4.1 complete response (CR):

 Meet all of the following:

 (1) Immunofixation electrophoresis detects the disappearance of M protein in serum and urine for at least 6 weeks;

(2) Bone marrow smear and bone marrow biopsy (if biopsy) plasma cells < 5%, if M protein continues to be negative for 6 weeks, no need to repeat bone marrow detection ^[2] ;

(3) The number and size of osteolytic lesions did not increase (compression fracture did not rule out treatment relief) ^[3] ; (4) Soft tissue plasmacytoma disappeared.

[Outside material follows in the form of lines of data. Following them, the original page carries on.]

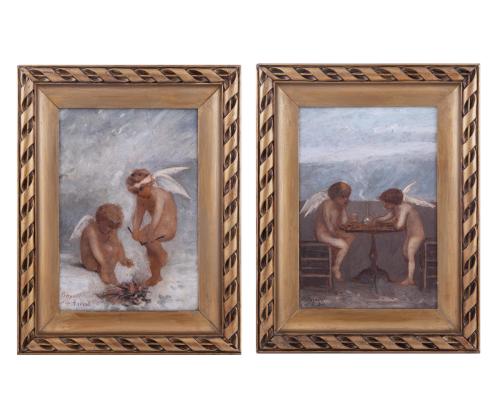 PAREJA "ÁNGELES JUGANDO A LAS DAMAS Y ENCENDIENDO UNA HOGUE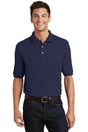 heavyweight cotton pique polo with pocket k420p navy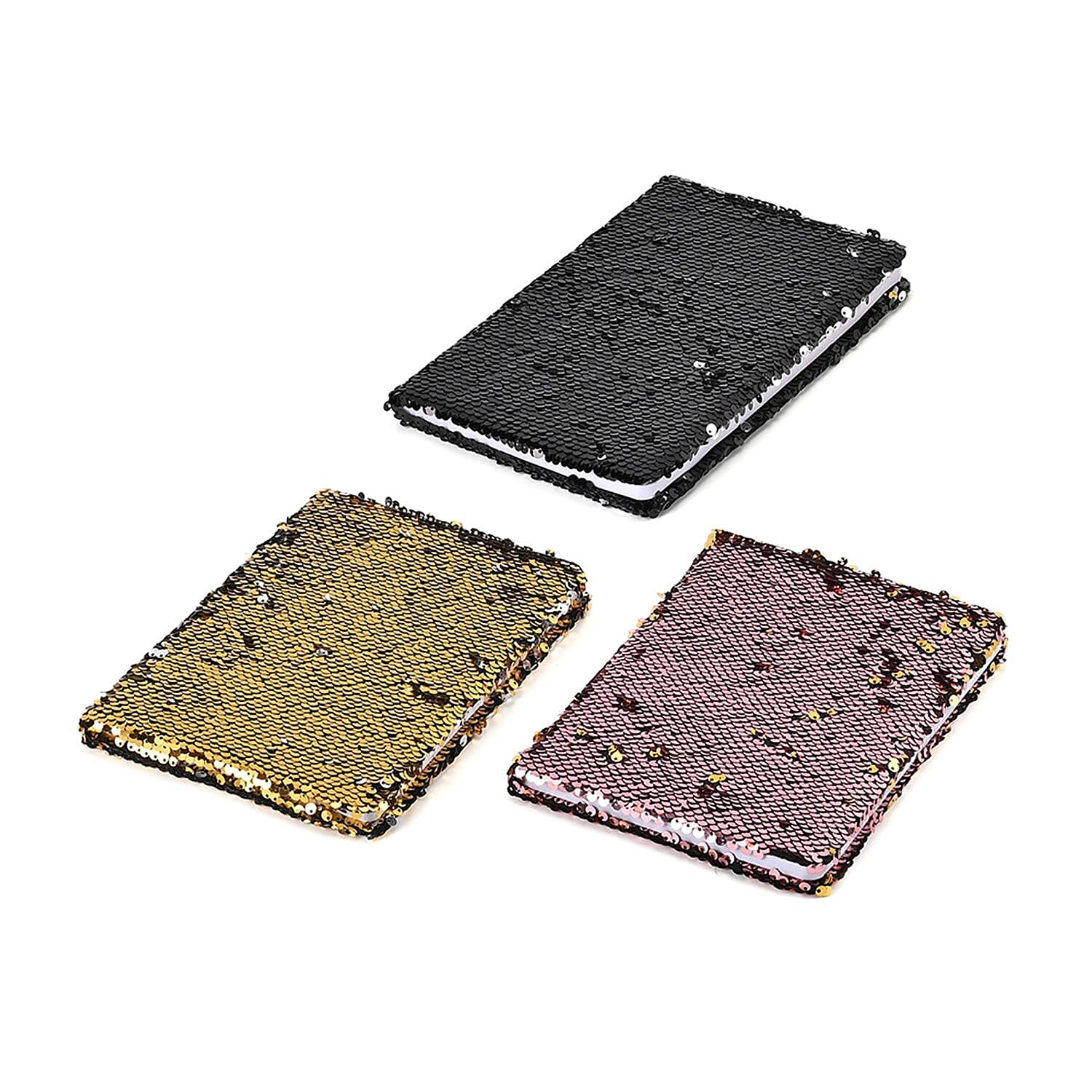 Set of 3 Exerz Reversible Sequin Notebook (Size-A5, 80 Pages Per Piece) - Yellow & Multi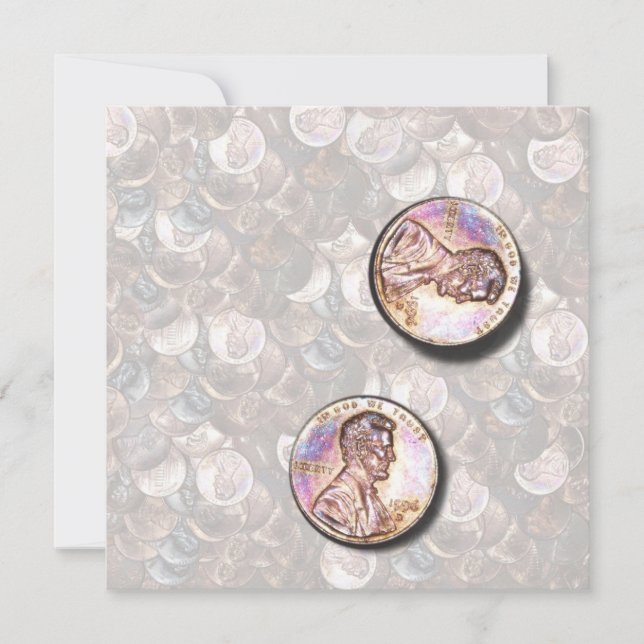 Meine zwei Cents wert (leuchtender Hintergrund) Einladung (Vorderseite)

 4.2 Near complete response (nCR):

CR ^IF+ , complete disappearance of M-protein in serum and urine (determined by non-immunofixative electrophoresis) 4.3 partial response ( PR ) :

 Meet all of the following

 (1) serum M protein reduction > 50% for at least 6 weeks;

 (2) 24-hour urinary light chain protein secretion decreased by > 90% or < 200mg/24h for at least 6 weeks;

 (3) For patients with non-secretory myeloma, only bone marrow smear and bone marrow biopsy (if biopsy) are required to reduce plasma cells by > 50% for at least 6 weeks;

 (4) Imaging or clinical examination of soft tissue plasmacytoma size reduction > 50%;

(5) The number and size of osteolytic lesions did not increase (compression fractures did not rule out treatment relief) ^[3] .

 4.4 minimal response (MR):

 Meet all of the following:

 (1) serum M protein is reduced by 25% to 49% for at least 6 weeks;

 (2) 24-hour urinary light chain protein secretion decreased by 50% ~ 89%, but still exceeded 200mg / 24h, at least 6 weeks;

 (3) For patients with non-secretory myeloma, bone marrow smear and bone marrow biopsy (if biopsy) reduce plasma cells by 25% to 49% for at least 6 weeks;

 (4) The size of soft tissue plasmacytoma is reduced by 25% ~ 49%;

(5) The number and size of osteolytic lesions did not increase (compression fractures did not rule out treatment relief) ^[3] .

 4.5 No change (NC): The MR or PD standard is not met.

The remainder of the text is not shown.